# Funny Quotes



## Blake Bowden

"Everyone says that looks don't matter, age doesn't matter, money doesn't matter. But i never met a girl yet who has fallen in love with an old ugly man who's broke." - Rodney Dangerfield

"My best birth control now is just to leave the lights on." - Joan Rivers

"A drunk mans words are a sober man’s thoughts." - Steve Fergosi

"Not one man in a beer commercial has a beer belly." - Rita Rudner

"Sometimes people deserve a high five, in the face, with a chair."

"A bank is a place that will lend you money if you can prove you don’t need it." - Bob Hope

"I want to die peacefully in my sleep, like my grandfather.. Not screaming and yelling like the passengers in his car."

"Evening news is where they begin with 'Good evening', and then proceed to tell you why it isn't."

"The sole purpose of a child's middle name, is so he can tell when he's really in trouble."

"Never get into fights with ugly people, they have nothing to lose."

“Ah, yes, Divorce, from the Latin word meaning to rip out a man’s genitals through his wallet.” - Robin Williams

"My best birth control now is just to leave the lights on." Joan Rivers

"Learn to spell, kids. Auto Correct isn't always write."

"Surprise sex is the best thing to wake up to, unless you're in prison."

"If you think nobody cares if you’re alive, try missing a couple of payments."

"If you can't dazzle them with brilliance, baffle them with bs."

"We live in a society where pizza gets to your house before the police."

"Men have two emotions: Hungry and Horny. If you see him without an erection, make him a sandwich."

"Having sex is like playing bridge. If you don’t have a good partner, you’d better have a good hand."

"Politicians and diapers have one thing in common. They should both be changed regularly, and for the same reason."

"Never, under any circumstances, take a sleeping pill and a laxative on the same night."

"A clear conscience is usually the sign of a bad memory."

"Sex is like air; it's not important unless you aren't getting any"

"Sex at age 90 is like trying to shoot pool with a rope."

"Children in the dark make accidents, but accidents in the dark make children."

"Money can’t buy happiness, but it sure makes misery easier to live with."

"Why didn’t Noah swat those two mosquitoes?"

"America is a country which produces citizens who will cross the ocean to fight for democracy but won’t cross the street to vote."

"There are two kinds of friends: those who are around when you need them, and those who are around when they need you."

"Foreign Aid: The transfer of money from poor people in rich countries to rich people in poor countries."

"A fine is a tax for doing wrong. A tax is a fine for doing well.

"You can easily judge the character of a man by how he treats those who can do nothing for him."

"Never be afraid to try something new. Remember, amateurs built the ark. Professionals built the Titanic."

"Getting married is very much like going to a restaurant with friends.
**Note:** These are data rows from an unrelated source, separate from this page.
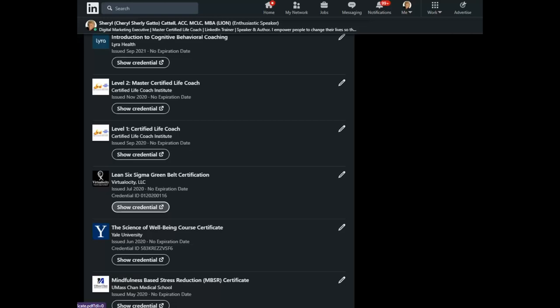Alright, well, that's it for today's LinkedIn Minute. Don't forget to subscribe on YouTube to be notified of every new edition. Thanks for stopping by.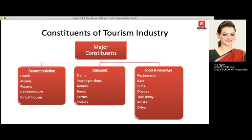Food and beverage includes restaurants, bars, pubs, dhabas, takeaways, kiosks, drive-ins, and food trucks. Kiosks are small booths located alone where smaller items are available — for example, tea cup booths or Amul booths in our locality are kiosks.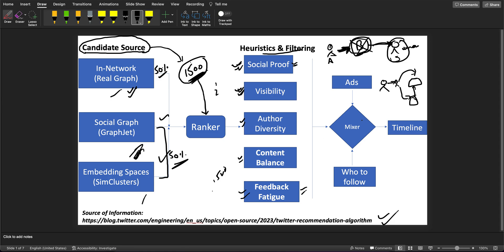After filtering, it goes to a mixer, which mixes the filtered tweet list with ads and 'who to follow' recommendations, and then ultimately shows you the timeline. This was a very high-level overview — there is very detailed documentation on it, and if you are a machine learning guy, definitely go through that documentation. There is also a GitHub with most of the code written in Java shared publicly. Go through it, share your learning — that's it from my side, thank you, bye.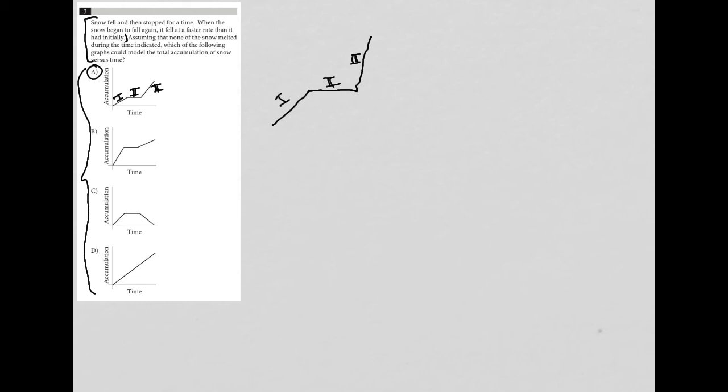Choice B is similar, except that one looks steeper than three, and that's not what we expect because in phase three the snow is falling faster, so B is out.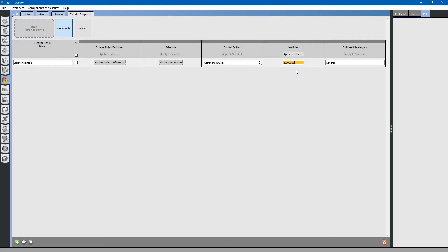Next, you can do a multiplier, just like we have multipliers elsewhere. This will multiply the wattage. You have an end-use subcategory. The end-use subcategory is used for submetering. If we wanted to have an additional electrical meter to track the energy use for the lights, we can rename this to General Exed Lights.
You order what you want, then when you see what the other fellow has, you wish you had ordered that."

"Relationships are like fat people, most of them don't work out."

"When you see a man opening a car door for a woman it can only mean 1 of 2 things. Either the car is new or the woman is."

and the best one...

"Its so funny how the people who know the least about you, have the most to say."


----------



## Colby K

These are great!  The one about child's name got me. I'm 29 and I still hear that when I'm in trouble with my wife!


----------



## Jimmy Shields

Man those are great would you mind if I used a couple of those


----------